_DATASET ENTRIES_
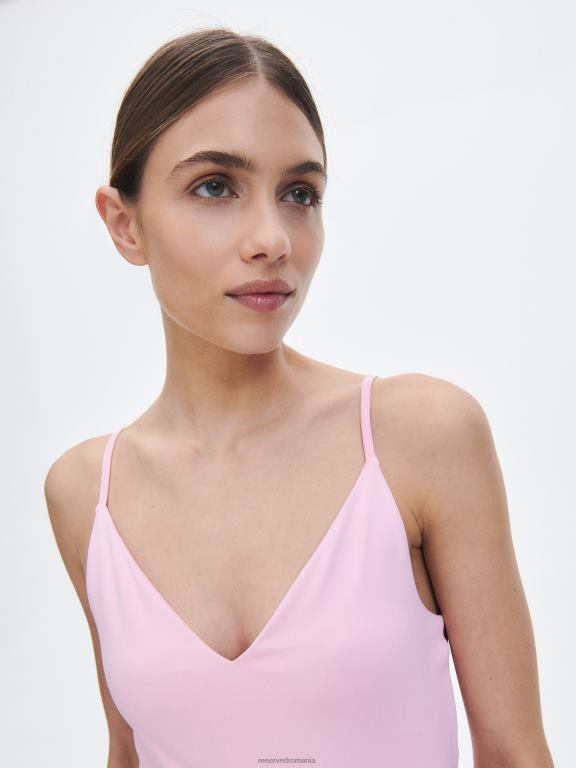 roz pastel Reserved femei îmbrăcăminte corp slim fit 648HZ522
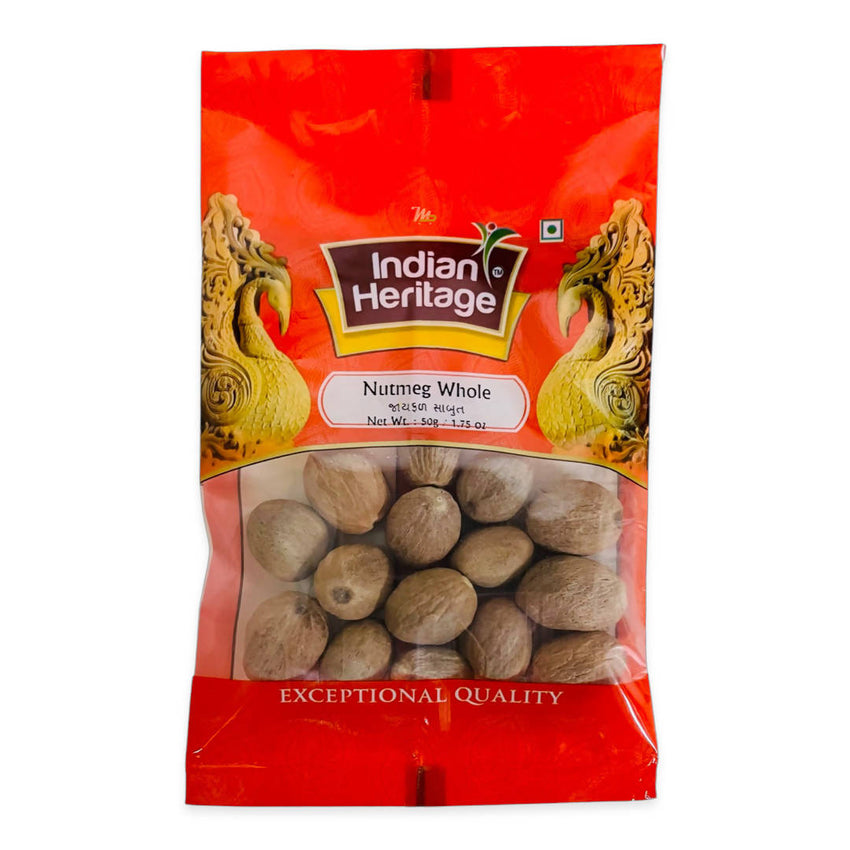 Indian Heritage Nutmeg Whole 50g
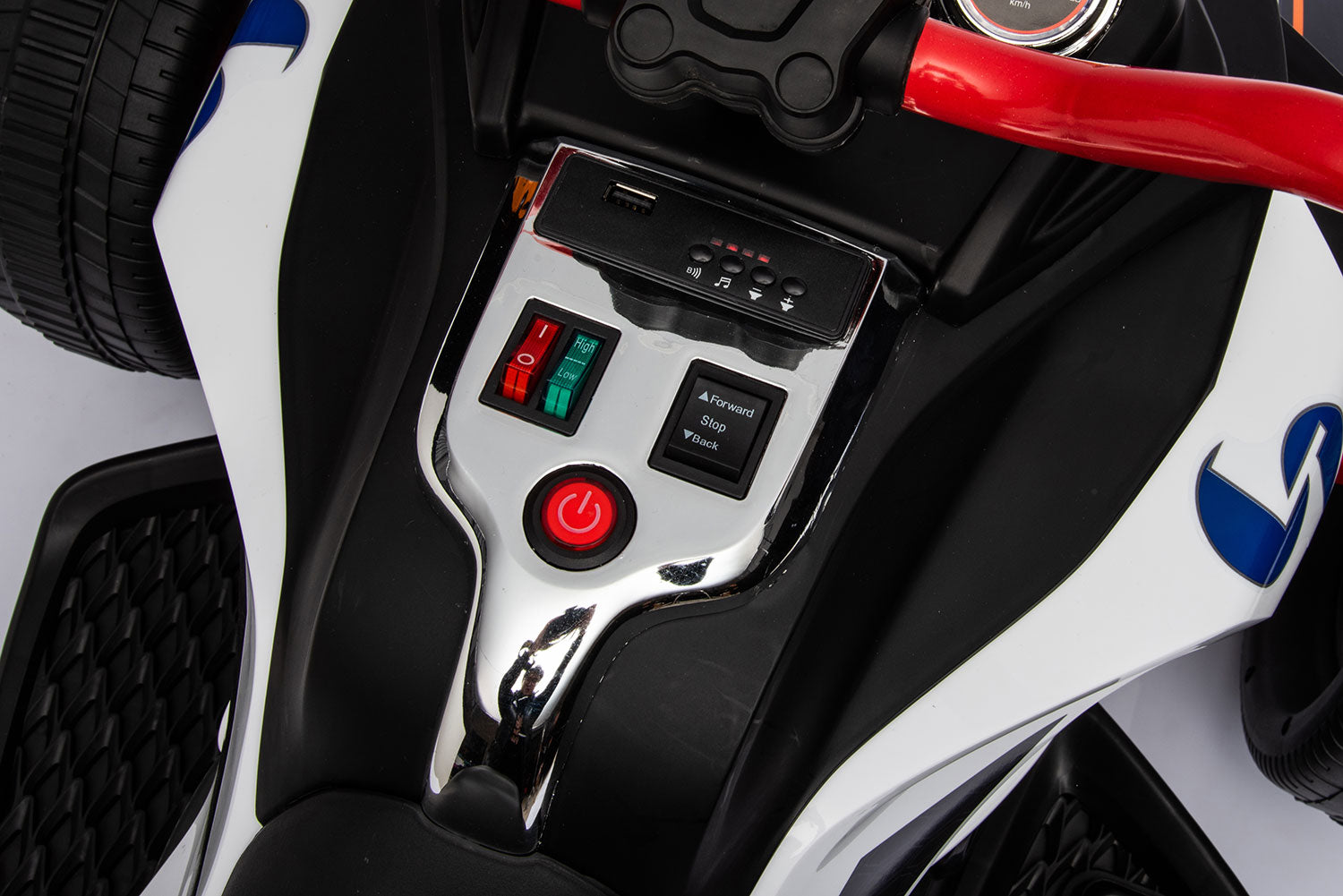 Mini Quad Elettrico per Bambini 3 Ruote 12V ATV 3.0 Bianco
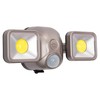 LIGHT IT! by Fulcrum, 35001-101 LED Security Light, Silver, Single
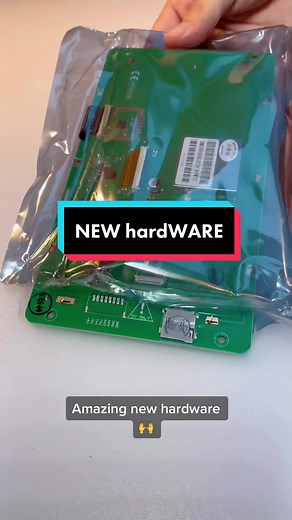 Unboxing of this amazing new component from dwin #arduino #electronics #hardware #foryou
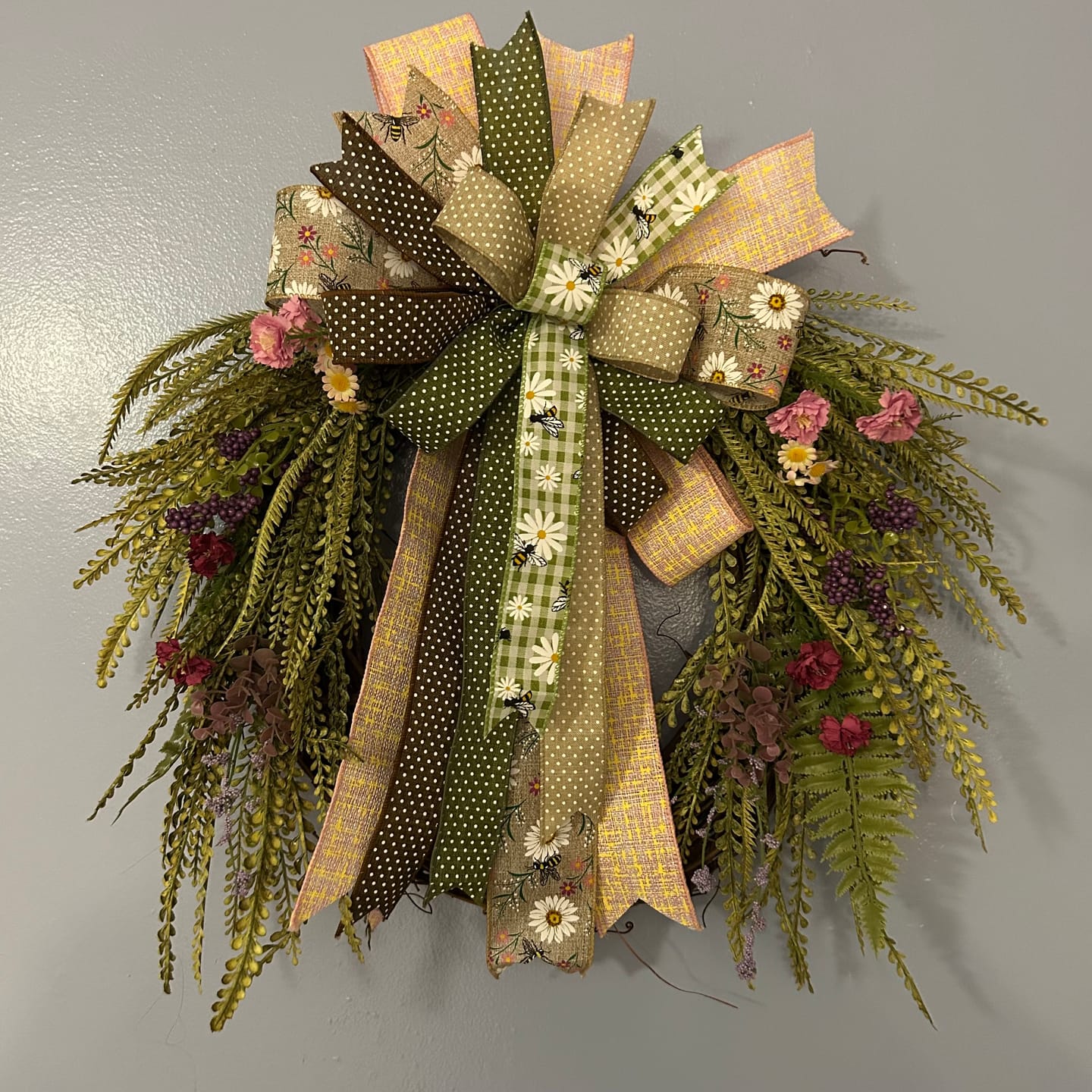 Customer photo review of 17.5"H Sword Fern Bush Green W/Mustard Wash FP105040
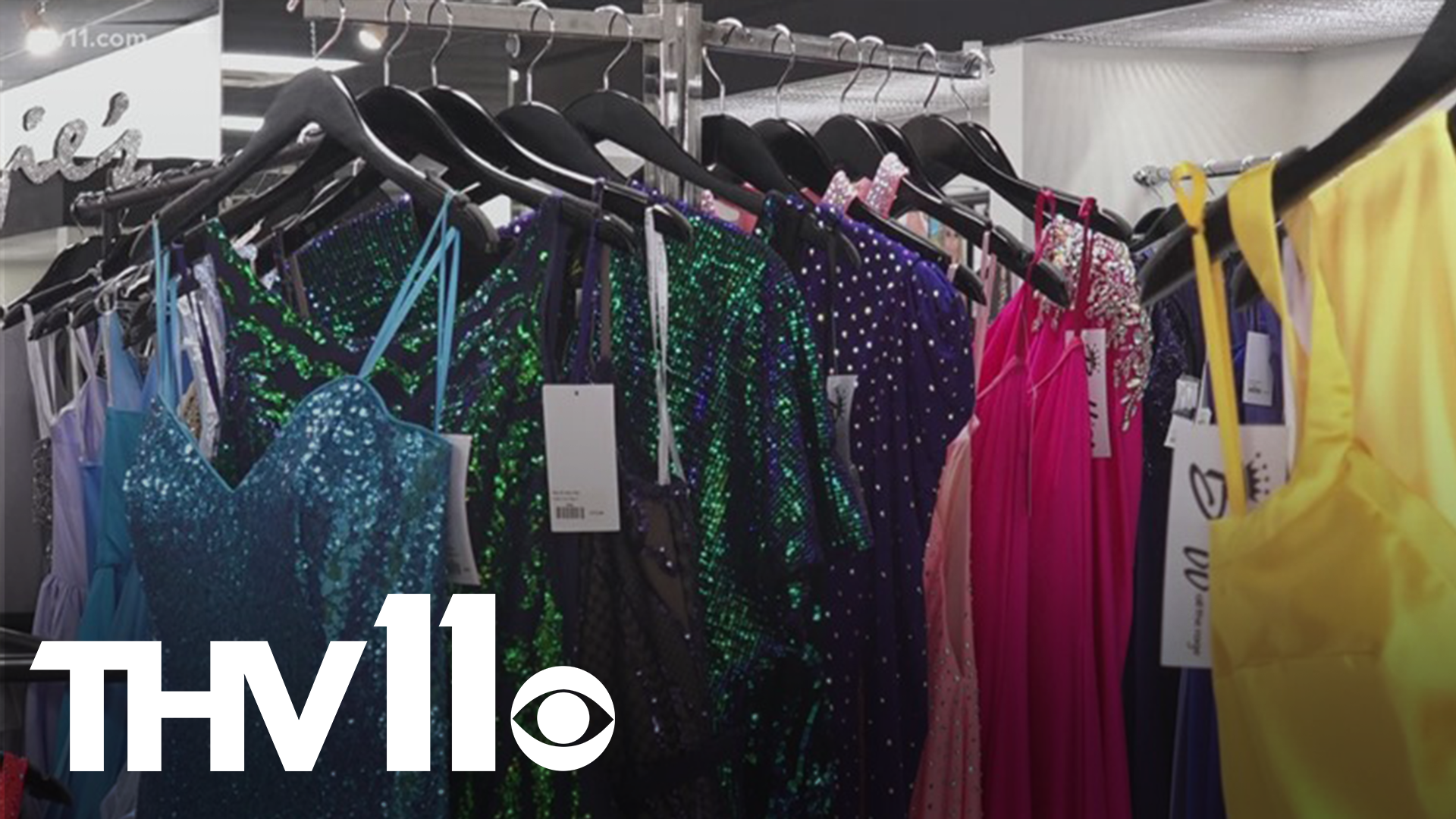 Over 600 dresses at Buffie's were left without love when the pandemic hit. But since Gov. Hutchinson loosened restrictions, dress sales have taken off.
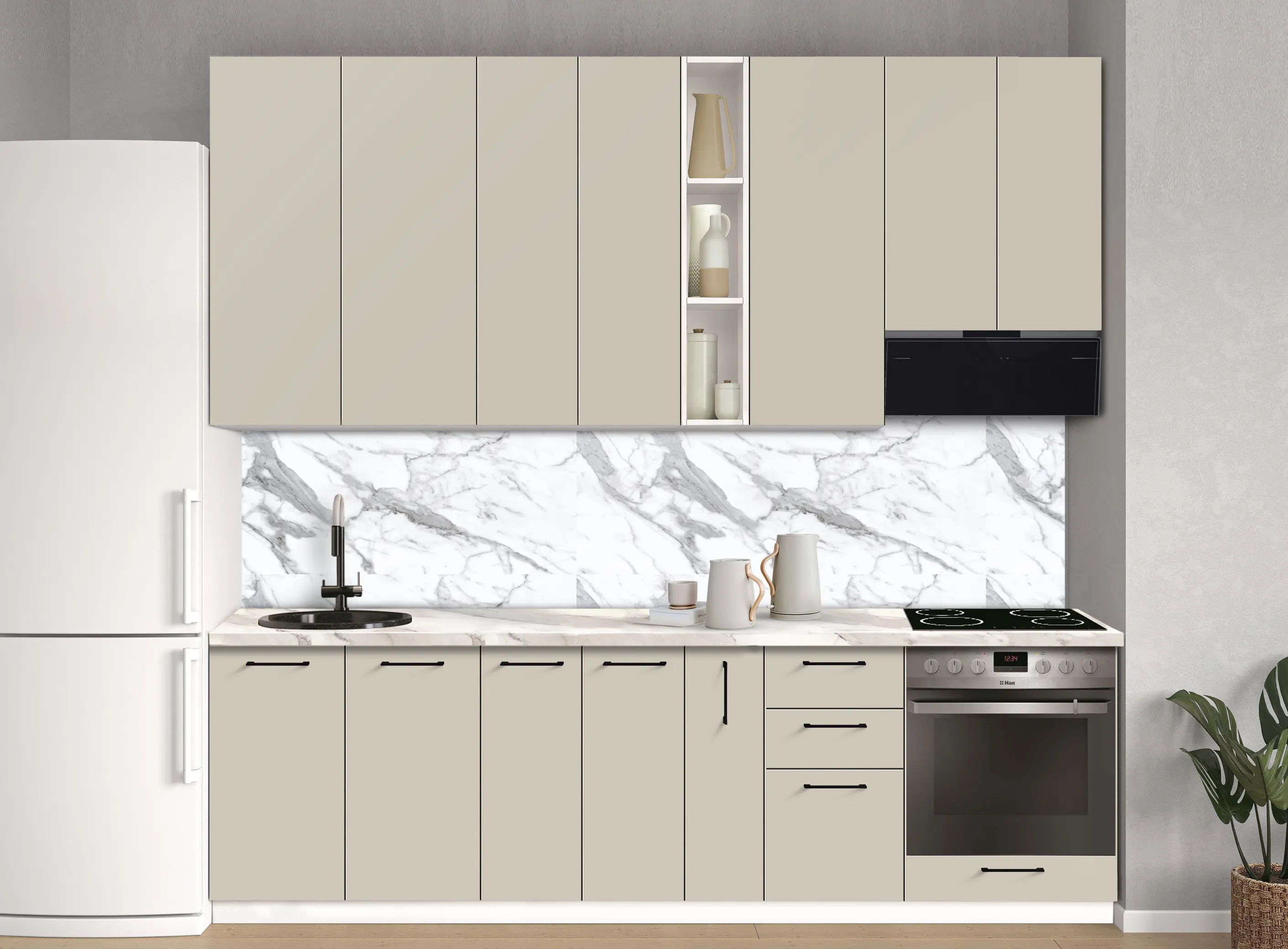 Модульная кухня Modern Bono 8 H110 2.6м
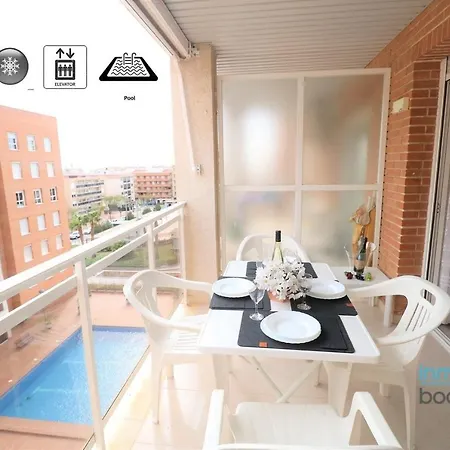 Olimar, Climatizado Y Con Piscina Inmoboking Apartment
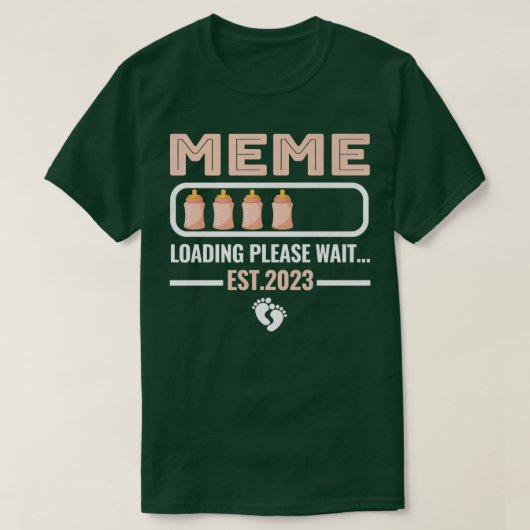 Funny Promoted to Meme Loading New Grandma 2023 Pr T-shirt (Design voorkant)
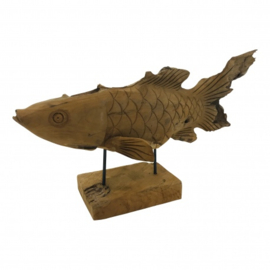 Vis KOI karper op standaard h-40cm naturel uitgevoerd nr 5392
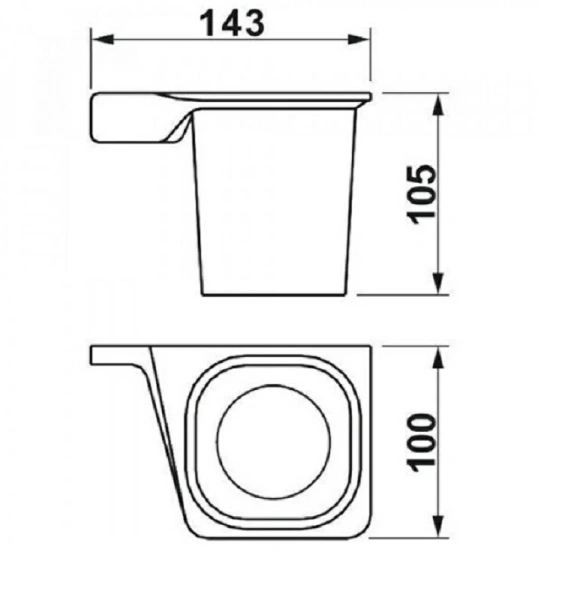 Стакан настольный Art&Max AM-G-2731D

_AIM OF THE EXERCISE_
Omit the pictures and retype exactly the lines from the one containing "Olimar, Climatizado Y" through the end of the entries above.

_REPLY TO THE TASK_
 Olimar, Climatizado Y Con Piscina Inmoboking Apartment
 Funny Promoted to Meme Loading New Grandma 2023 Pr T-shirt (Design voorkant)
 Vis KOI karper op standaard h-40cm naturel uitgevoerd nr 5392
 Стакан настольный Art&Max AM-G-2731D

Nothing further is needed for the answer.